How to Start Your Own Holiday

IMG_6016Can you remember (without looking or guessing) what you did for dinner on October 12? No? How about on Thanksgiving? That’s my twenty-word argument in favor of holidays. Without holidays, the past dissolves into a smooth and pleasant blur. With them, our feeble brains hold onto at least a few moments each year.[1]

But what if you’re not thrilled with your culturally pre-approved holiday options? Roll up your sleeves and start your own. It’s not easy, but it can be done. A few days from now, my family will be celebrating our ninth International Pizza Day. I am of course super busy getting ready, but for your sake I will sit long enough to list a few essential tips on How to Start Your Own Holiday.

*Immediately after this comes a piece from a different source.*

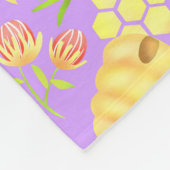 Couverture Polaire Abeille de miel violet (Coin)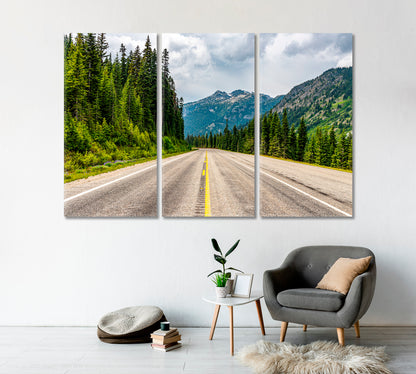 North Cascades National Park Washington State Canvas Print-Canvas Print-CetArt-1 Panel-24x16 inches-CetArt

1. Don’t be silly: no one starts a holiday. Do you think Christians really started the whole tree-and-lights thing in December—to celebrate the mid-summer birthday of Jesus? And what do bunnies and eggs have to do with His rebirth? So go ahead and Co-opt someone else’s holiday or event. And then pretend it was yours all along.[2] International Pizza Day was mentioned in the back of a children’s book[3]—just a date, really, with no explanation. But we ran with it.

2. Pick an organizing theme with universal appeal. Who can resist a cute little magical baby born in a barn? Who doesn’t hope that the new year is better than the old one? Who doesn’t love pizza in some form or other? By the same token, we’re working on a new holiday called School’s Out. Most people—including people like me, who know better—get excited about the last day of school.[4] At my house we celebrate with a meal of French fries, nachos, margaritas (for some of us), and—this is the crucial bit—no vegetables or fruit. Nothing healthy whatsoever, because, hey, SCHOOL’S OUT! Get it?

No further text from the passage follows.